_AIM OF THE EXERCISE_
The lines from the one containing "Dr. Frost Chapter" to the end of the entries, both included, are what you need to transcribe exactly, without pictures and without anything else.

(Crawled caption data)
======

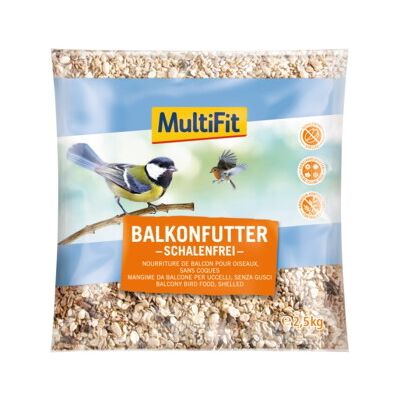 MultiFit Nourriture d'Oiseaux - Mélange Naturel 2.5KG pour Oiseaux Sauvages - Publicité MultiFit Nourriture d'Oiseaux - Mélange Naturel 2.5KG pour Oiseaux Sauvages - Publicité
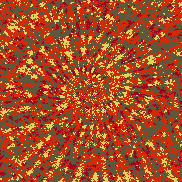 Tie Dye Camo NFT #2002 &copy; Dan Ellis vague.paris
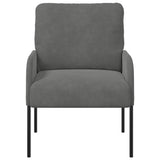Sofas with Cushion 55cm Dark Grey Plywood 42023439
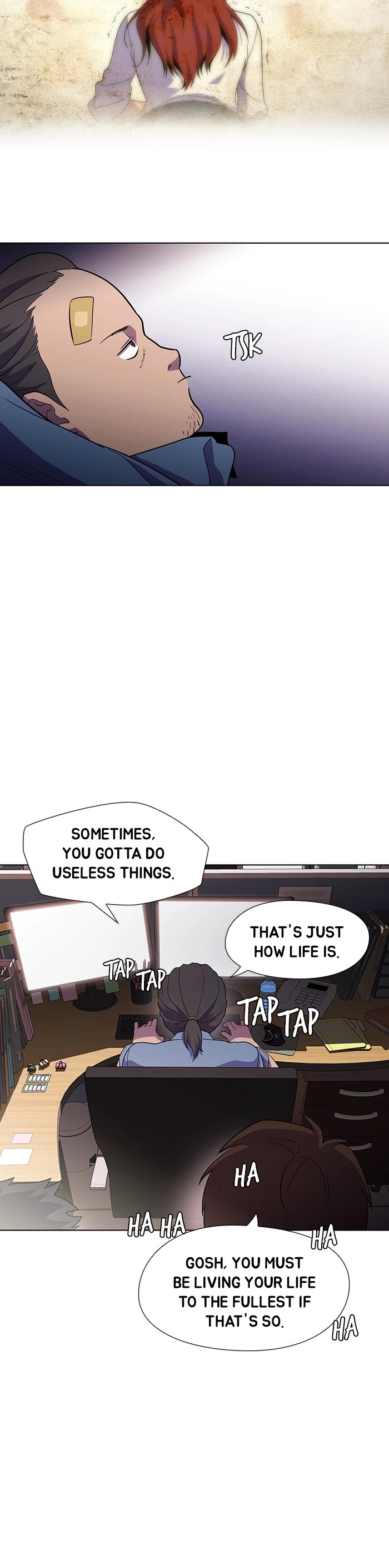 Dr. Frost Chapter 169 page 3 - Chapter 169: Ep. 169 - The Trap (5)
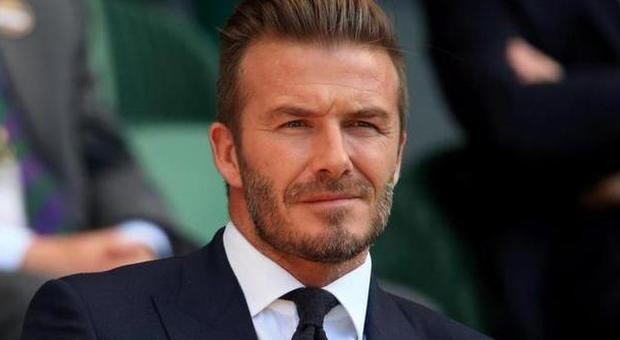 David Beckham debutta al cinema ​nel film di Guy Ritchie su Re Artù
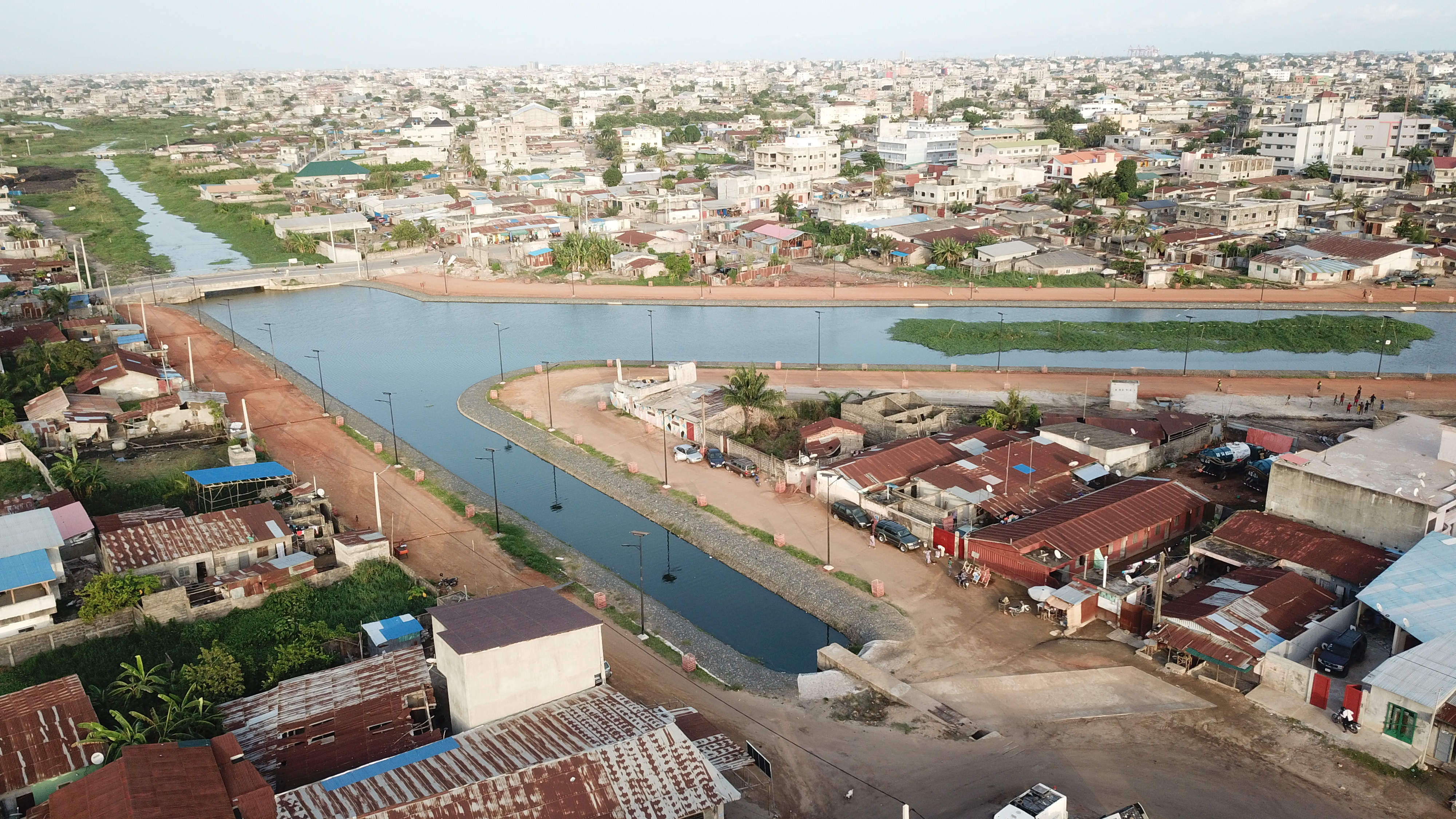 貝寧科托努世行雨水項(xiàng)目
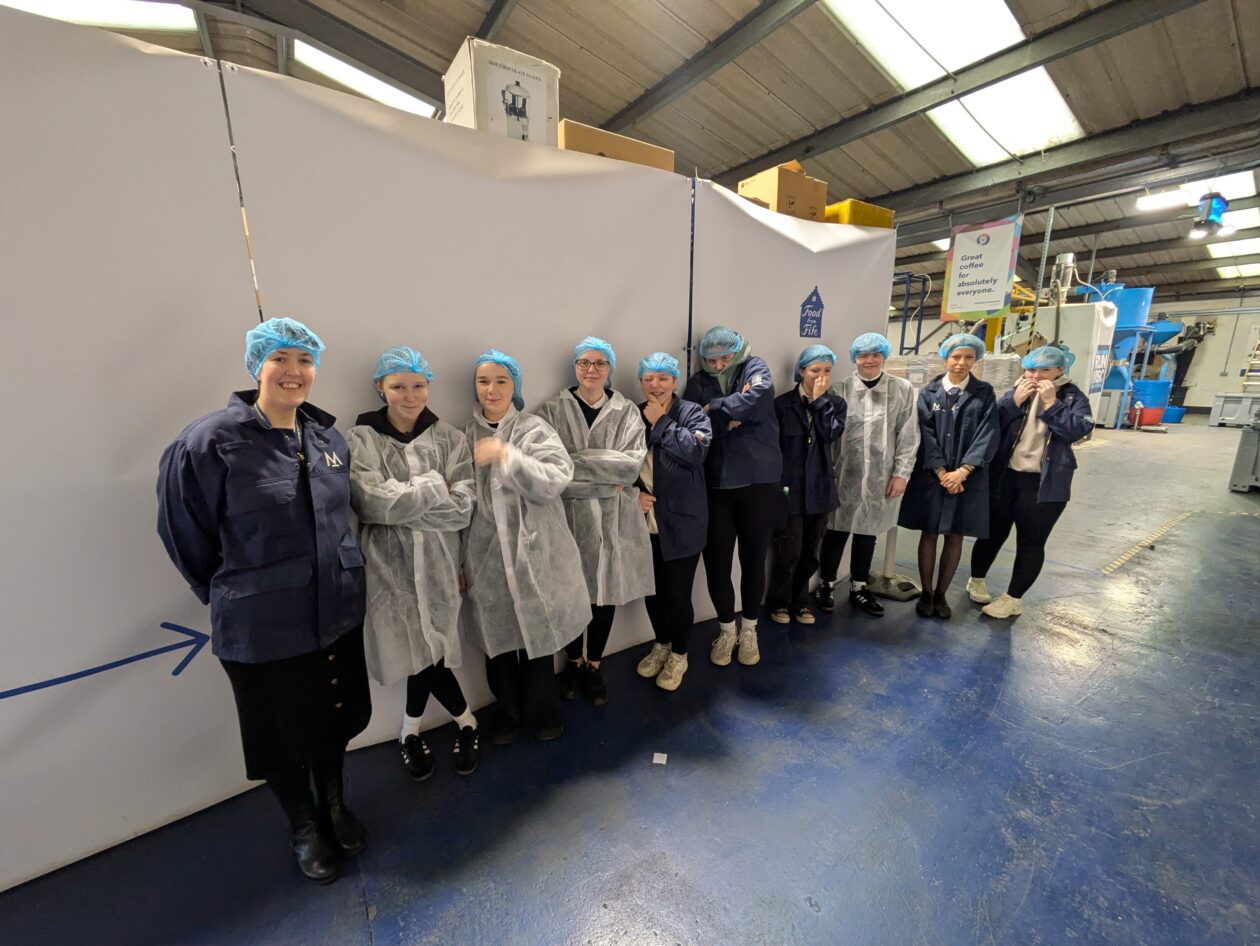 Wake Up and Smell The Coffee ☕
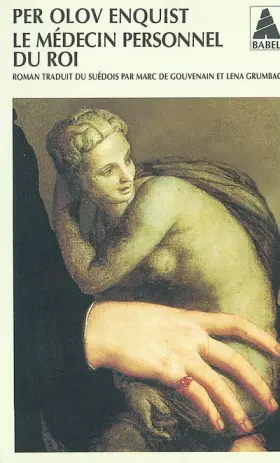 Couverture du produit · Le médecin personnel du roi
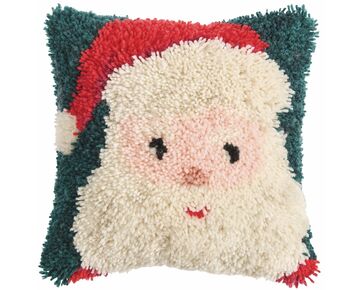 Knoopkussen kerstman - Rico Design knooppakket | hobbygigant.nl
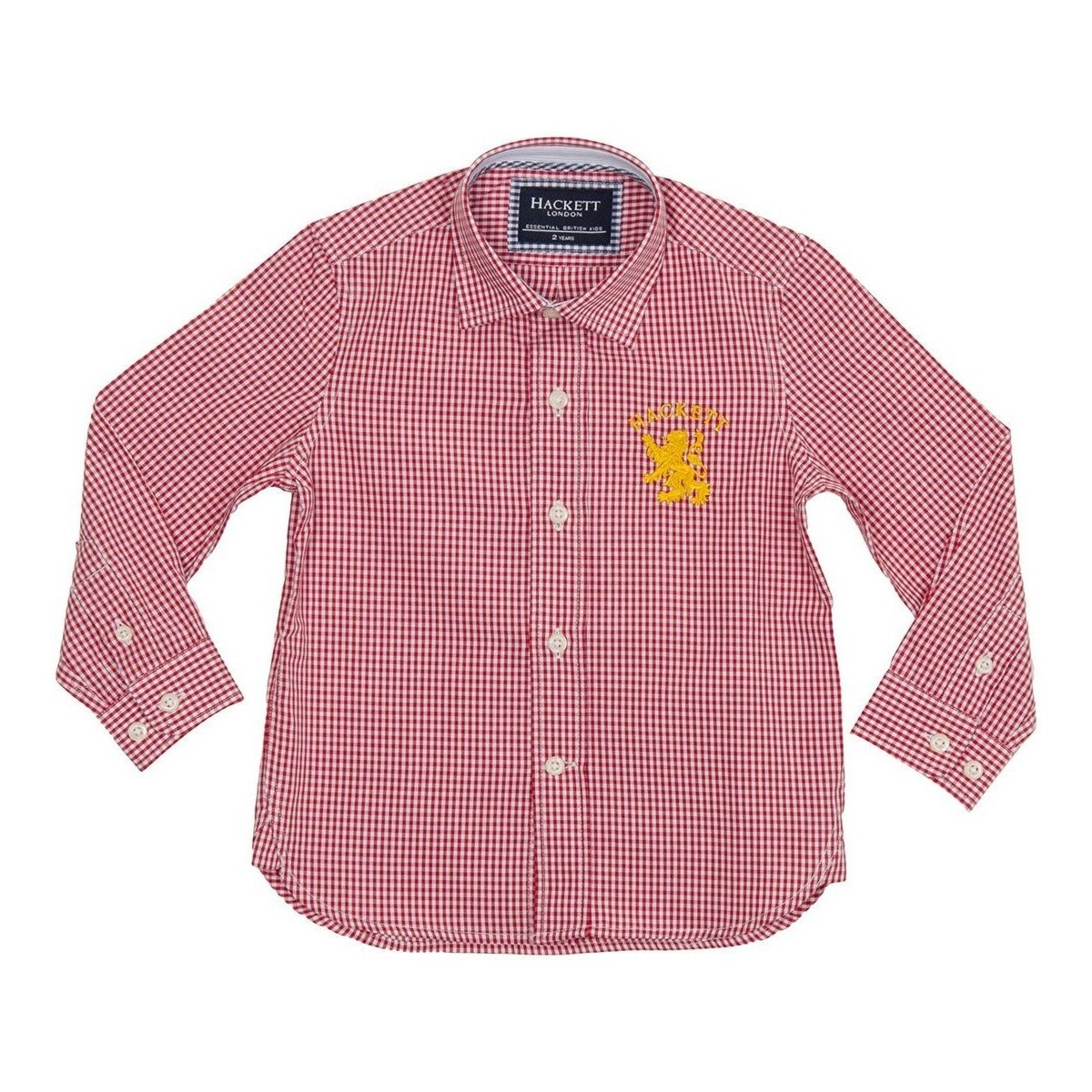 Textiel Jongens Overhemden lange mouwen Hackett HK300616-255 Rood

======

_RESULT FOR THIS TASK_
 Dr. Frost Chapter 169 page 3 - Chapter 169: Ep. 169 - The Trap (5)
 David Beckham debutta al cinema ​nel film di Guy Ritchie su Re Artù
 貝寧科托努世行雨水項(xiàng)目
 Wake Up and Smell The Coffee ☕
 Couverture du produit · Le médecin personnel du roi
 Knoopkussen kerstman - Rico Design knooppakket | hobbygigant.nl
 Textiel Jongens Overhemden lange mouwen Hackett HK300616-255 Rood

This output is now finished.